Скачать:TXTPDF
Будущее общество. Жан Грав

Число их уменьшилось с того дня, когда их оставили в покое, и теперь они не проявляют намерений ни ездить верхом на метлах, ни иметь сношений с сатаной, хотя за это более их никто не вздумал бы преследовать.

Что касается воров, то хотя наказания и стали менее суровы, их продолжают преследовать, если они не защищены своим общественным положением или должностью, но мы не думаем, что их число уменьшилось; здесь вопреки законам и общественному мнению действует еще один фактор: социальная организация и институт частной собственности, на котором она основана, вызывают воровство. Воровство есть продукт капиталистического режима, и исчезнет только вместе с тем, что его порождает.

Наоборот, если бы кто нибудь имел терпение перерыть собрание законов и указов, он нашел бы, что многие из них вышли из употребления, так как нравы изменились, вследствие чего они сделались излишними.
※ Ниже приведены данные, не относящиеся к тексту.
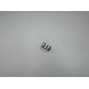 Пружина сжатия MS200T/MS200/MS201 (0000 997 0617)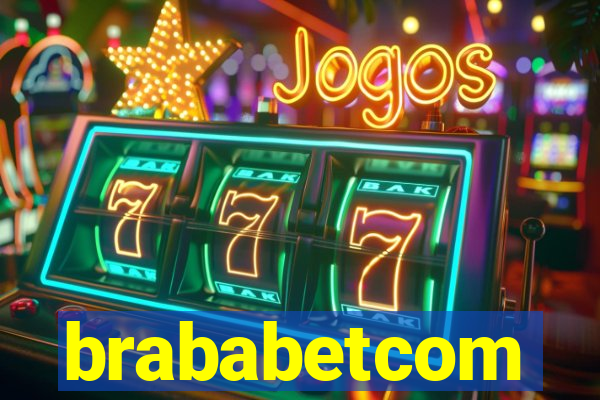 brababetcom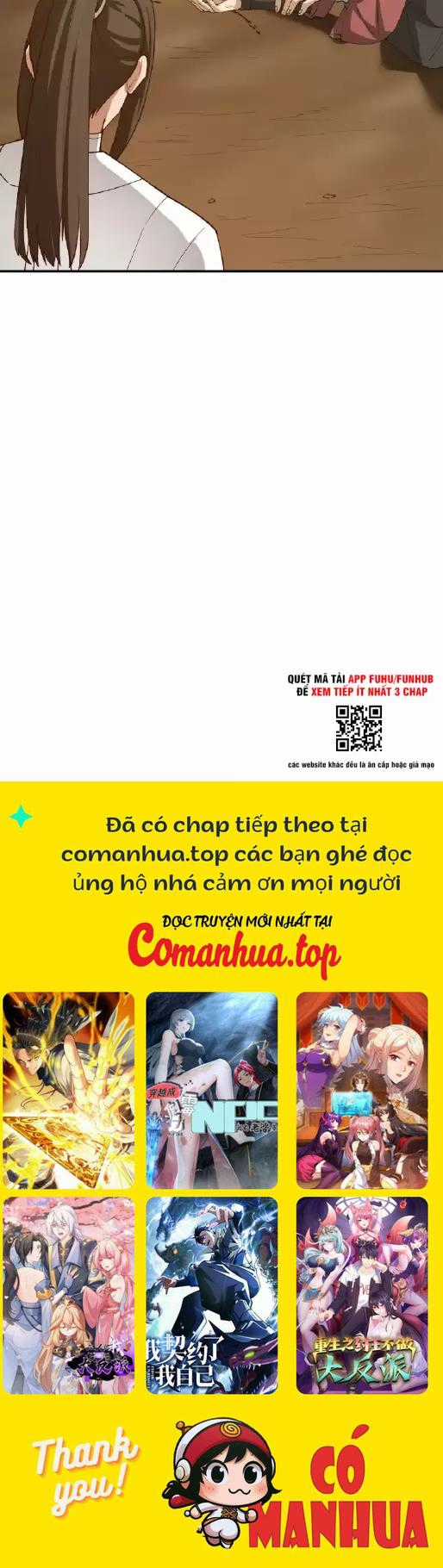 Kiếm Khởi Phong Vân - Chapter 17 - Trang 26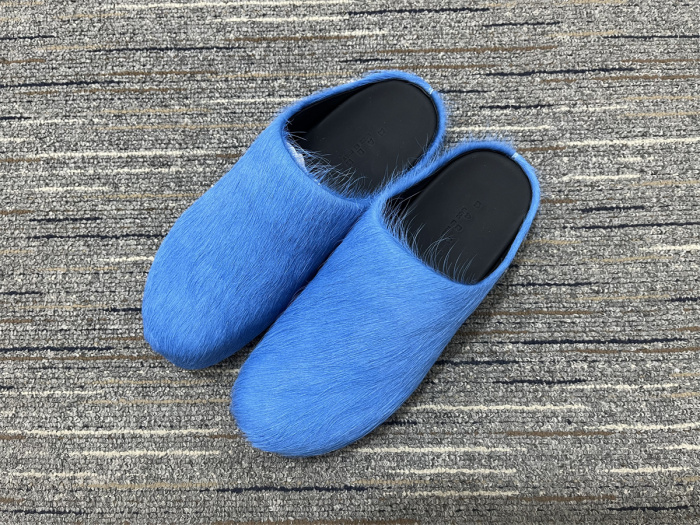 Men  Women  M*arni Top Sandals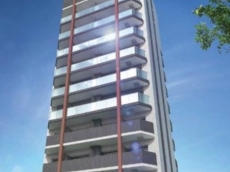 メインステージ駒込ラ・ヴェール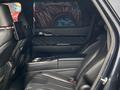 Hyundai Palisade 2021 года за 17 990 000 тг. в Алматы – фото 6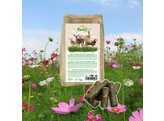 RUMII SNACK POUR RUMINANTS 1KG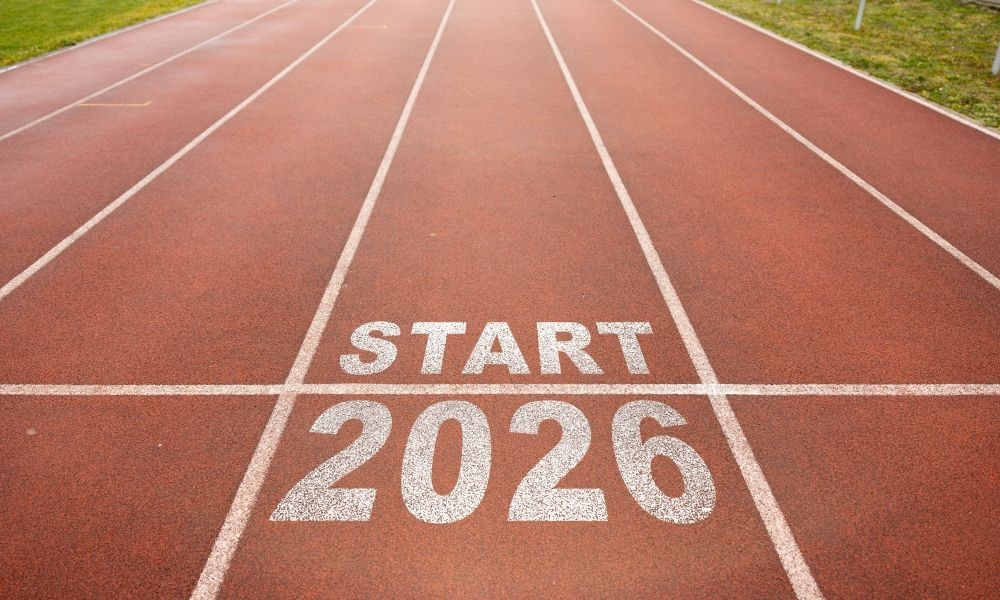 Teacher Staffroom Episode 73: A strong start to a new school year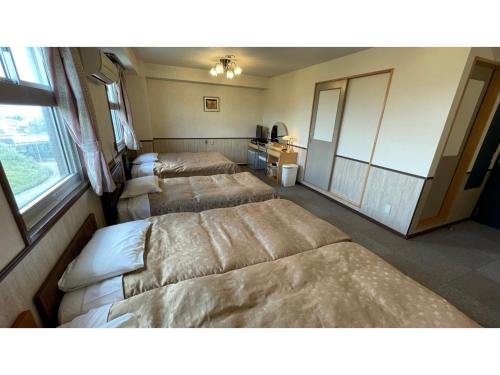 Fuji Hotel | Fuji Park Hotel - Vacation STAY 23859v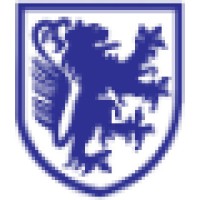 New Brunswick Lamp Shade Co., Inc logo - Similar company to Equipalliance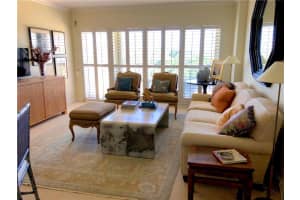 2500 E Las Olas Blvd, Fort Lauderdale, FL 33301, Sold 05/06/21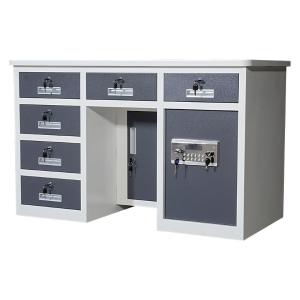 CJ-BXZ-13商品缩略图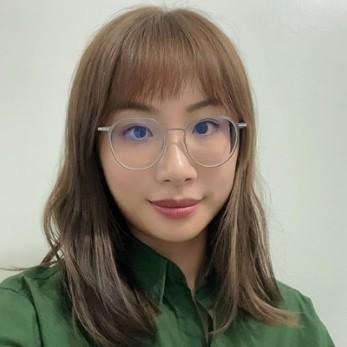 Hang YANG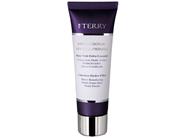 BY TERRY Hyaluronic Hydra Primer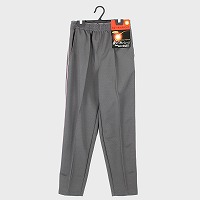 �w�l��s�J�X�����_�[�p���c�i1165�j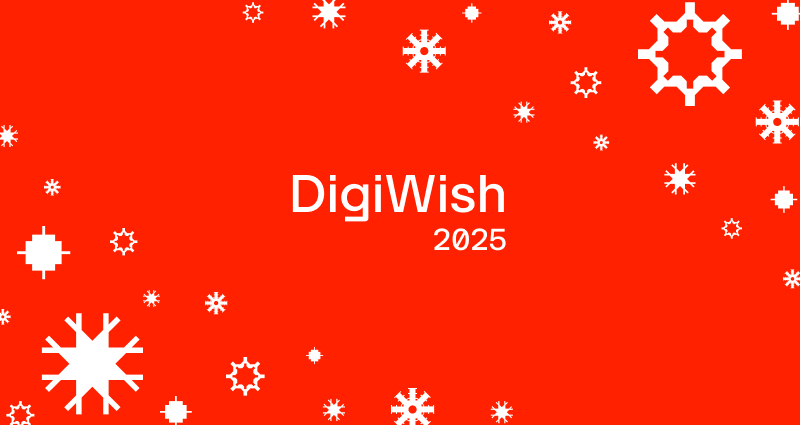 DigiKey Image DigiWish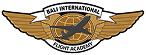 Bali International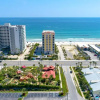 Отель Unit 103 Opus - 3 Bedroom Ocean Front, фото 19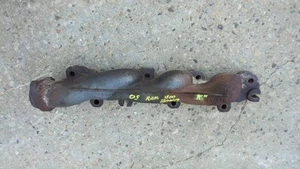 Passenger Exhaust Manifold 5.7L Fits 03-08 DODGE 1500 PICKUP 1032160 - Picture 1 of 12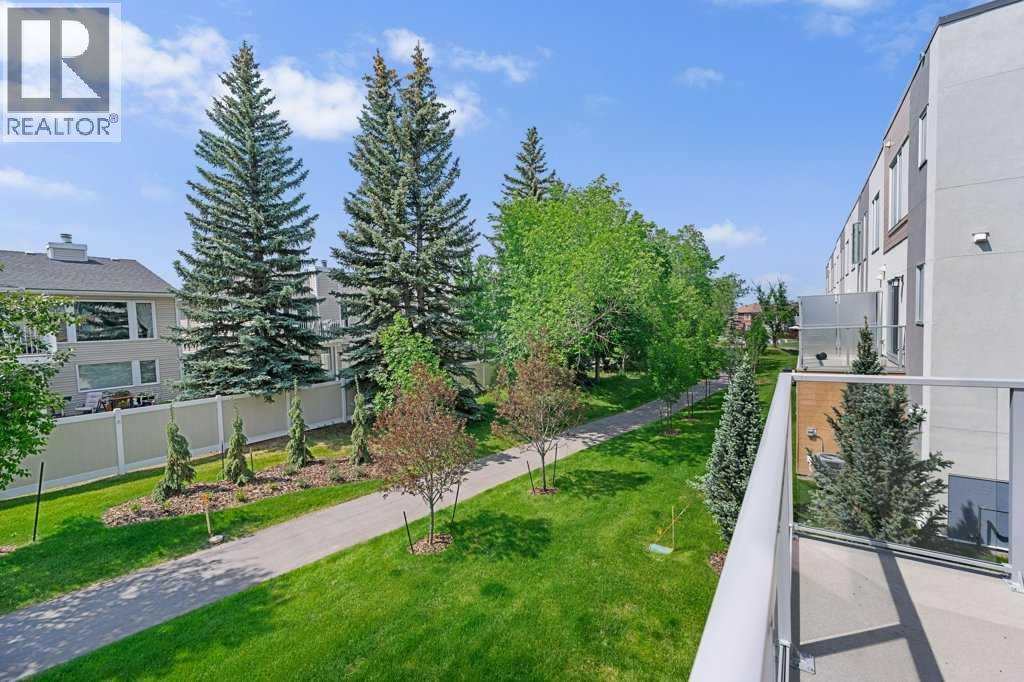 436 SHAWNEE SQUARE SW - Image 24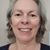 Joy Stilwell's profile image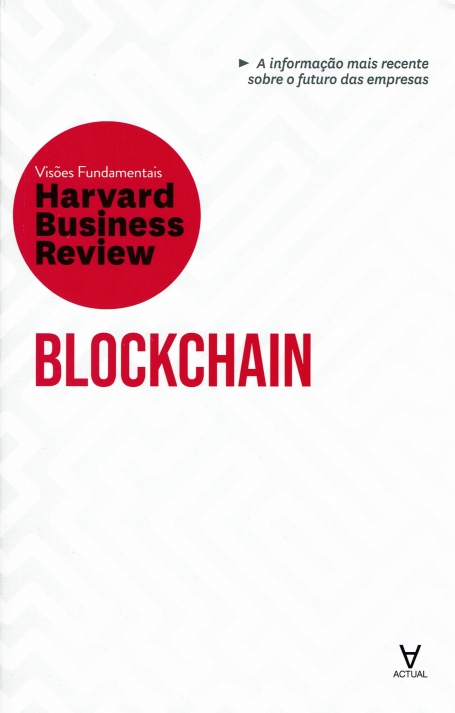 BLOCKCHAIN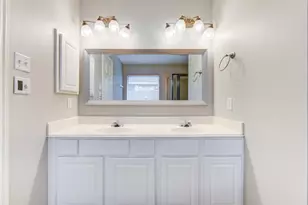 18822 Appletree Ridge Rd, Houston, TX 77084 - Photo 24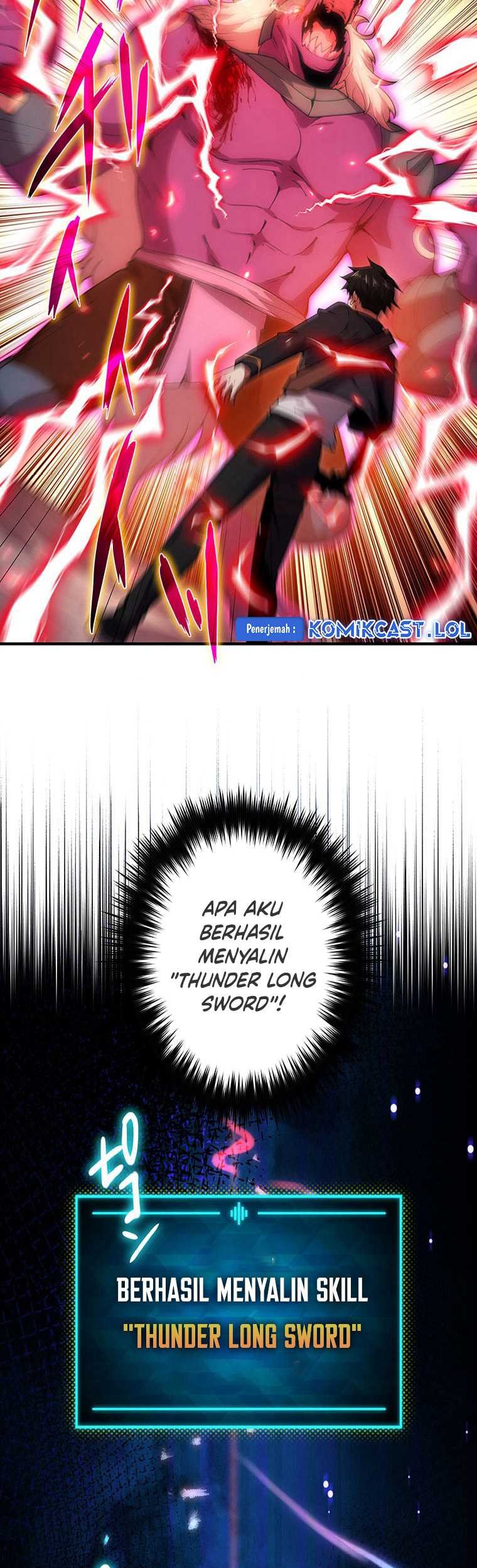 Chapter 9 - halaman 59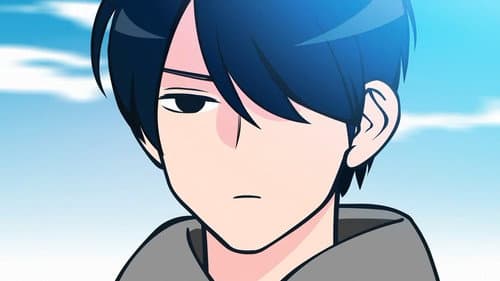 Episode 1: Waves of Youth
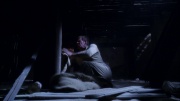 Filename=extant_StarTrek_ENT_1x24-DesertCrossing_3361.jpg
Filesize=140KiB
Dimensions=1920x1080
Date added=May 30, 2020 extant_StarTrek_ENT_1x24-DesertCrossing_3361.jpg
Что представляли из себя первые писанные законы, как не признанные и приведенные в порядок нравы и обычаи. Еще до революции во Франции было право феодальное и право обычное. Последнее вытекало из обычаев, и каждая провинция в очень многих случаях управлялась по своим обычаям. Как только буржуазия окрепла, первым делом её было завладеть прерогативами Парламента, присвоить законодательную власть и издать свои законы и декреты, причем она заботилась только об интересах своего класса, не обращая внимания на местные нравы и обычаи населения, над которым ею чинились суд и расправа. Затем явился Бонапарт и продолжал дело Конвента; он смешал вместе с несколькими обрывками римского права то, что в изданных до него законах могло оправдать его самовластье; и таким образом нами при помощи законов правят давно уже умершие люди, причем каждое новое поколение не упускало случая вносить в законы еще свои ограничения, вместо того, чтобы просто всех их уничтожить. Это только усложнило положение и все более и более запутывало нас в безвыходную сеть декретов, законов и регламентов, губящих всякого, кто в нее попадает.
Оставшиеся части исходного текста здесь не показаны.